Figuring out Bayesian statistics

Bayesian statistics
Bayesian statistics seems pretty cool, but I don’t really know how to apply it yet. In this blog post, I try to setup a Bayesian workflow that teaches both you and me how to do it.

November 24, 2022

This post is about figuring out how Bayesian statistics works and about developing a workflow to conduct Bayesian analyses. Specifically, I want to go through the process of running a Bayesian analysis and visualizing the different steps of that analysis in order to make sure I know what I’m doing. With a bit of luck this is educational and we’ll both end up learning how this works!

If you want to follow a long, run the following setup code.

# Load packages

# Load data
data <- read_csv("Howell1.csv")

# Set seed

# Set options

The data we will use to play with is the same data Richard McElreath uses in Chapter 4 of his amazing book called Statistical Rethinking. The data consists of partial census data of the !Kung San, compiled from interviews conducted by Nancy Howell in the late 1960s. Just like in the book, we will focus only on people 18 years or older, so in the code below we create a subset of the data and store the result in a data frame called data.

# Only select people older than 18
data <- filter(data, age >= 18)

# Show the first rows
Partial census data for the Dobe area !Kung San compiled by Nancy Howell in the late 1960s.
height weight age male
151.765 47.82561 63 1
139.700 36.48581 63 0
136.525 31.86484 65 0
156.845 53.04191 41 1
145.415 41.27687 51 0
163.830 62.99259 35 1

The general idea behind Bayesian statistics is that you start with some prior beliefs about the parameters of interest and then update those beliefs with the data. Note that this doesn’t mean that you have to personally accept those beliefs. You could simply postulate a belief to serve a particular purpose, such as assuming that a null effect is most likely even though you personally believe that there should be an effect. It does mean that when we want to analyze the data, we should start with defining our beliefs, rather than immediately jumping into running an analysis.

Let’s focus our first question on the heights in the data. We should begin by defining a belief that describes the different heights, which is based on our a priori knowledge of the heights of the Dobe area !Kung San. In other words, we have to describe what we believe their heights to be. This is unlike what you have to do with frequentist statistics, so this part might be a bit tricky.

To make it easier, we will use the amazing brms package to both define and inspect our beliefs, as well as use the data to update those beliefs.

An intercept-only model

If we start with analyzing only the heights data then we’ll be constructing an intercept-only model. You may be familiar with the R formula for this type of model: height ~ 1.

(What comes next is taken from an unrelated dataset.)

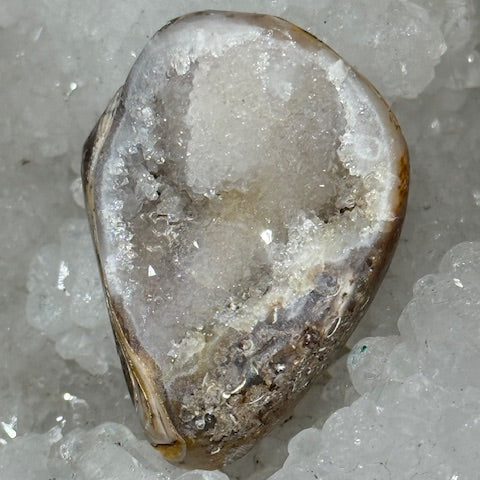 Coquillage cristallisé Spiralite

With this formula and the data we can actually use brms to figure out which priors we need to set by running the get_prior() function. This is probably the easiest way to figure which priors you need when you’re just starting out using brms.

get_prior(height ~ 1, data = data)
prior class coef group resp dpar nlpar lb ub source
student_t(3, 154.3, 8.5) Intercept default
student_t(3, 0, 8.5) sigma 0 default

The output shows us that we need to set two priors, one for the Intercept and one for sigma. brms also already determined a default prior for each, but we’ll ignore that for now.

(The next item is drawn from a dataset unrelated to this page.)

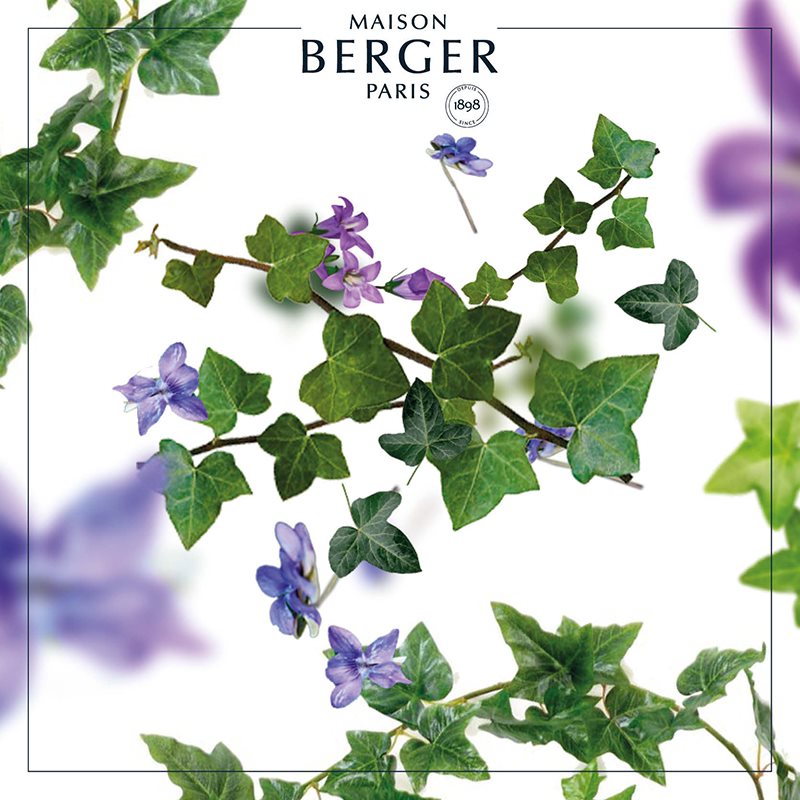 En kompleks & magisk duft blomsterduft m. stjerne anis, lakrids & tonkabønner. Lolita Lempicka i samarbejde med Maison Berger.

This is not the best way to think about which priors we need, though. Using the function will give you the answer, but it doesn’t really improve our understanding of why we need these two priors. In this case we also omitted an important specification of the heights, which is that we think they are normally distributed (the default assumption in get_prior()). So let’s instead write down our model in a different way, which explicitly specifies how we think the heights are distributed and which parameters we need to set priors on. If we think the heights are normally distributed, we define our model like this:

\[heights_i ∼ Normal(\mu, \sigma)\]

We explicitly note that the heights come from a normal distribution, which is determined by the parameters \(\mu\) and \(\sigma\). This then also immediately tells us that we need to set two priors, one on \(\mu\) and one on \(\sigma\).

In our intercept-only model, the \(\mu\) parameter refers to our intercept and the \(\sigma\) parameter refers to, well, sigma. It’s not often discussed in the literature I’m familiar with, but we’ll figure it out below. In fact, let’s discuss each of these parameters in turn and figure out what kind of prior makes sense.

The Intercept prior (\(\mu\))

The prior for the intercept indicates what we believe the average height of the !Kung San to be.

brms has set the default Intercept prior as a Student t-distribution with 3 degrees of freedom, a mean of 154.3 and a standard deviation of 8.5. That means brms starts off with a ‘belief’ that the average of the heights is 154.3, but with quite some uncertainty reflected in the standard deviation of 8.5 and the fact that the distribution is a Student t-distribution. A Student t-distribution has thicker tails compared to a normal distribution, meaning that lower and higher numbers are considered more likely compared to a normal distribution, at least when the degrees of freedom are low. At higher degrees of freedom, the t-distribution becomes more and more like the normal distribution. So, the thicker tails of the t-distributions means smaller and taller average heights are relatively more plausible.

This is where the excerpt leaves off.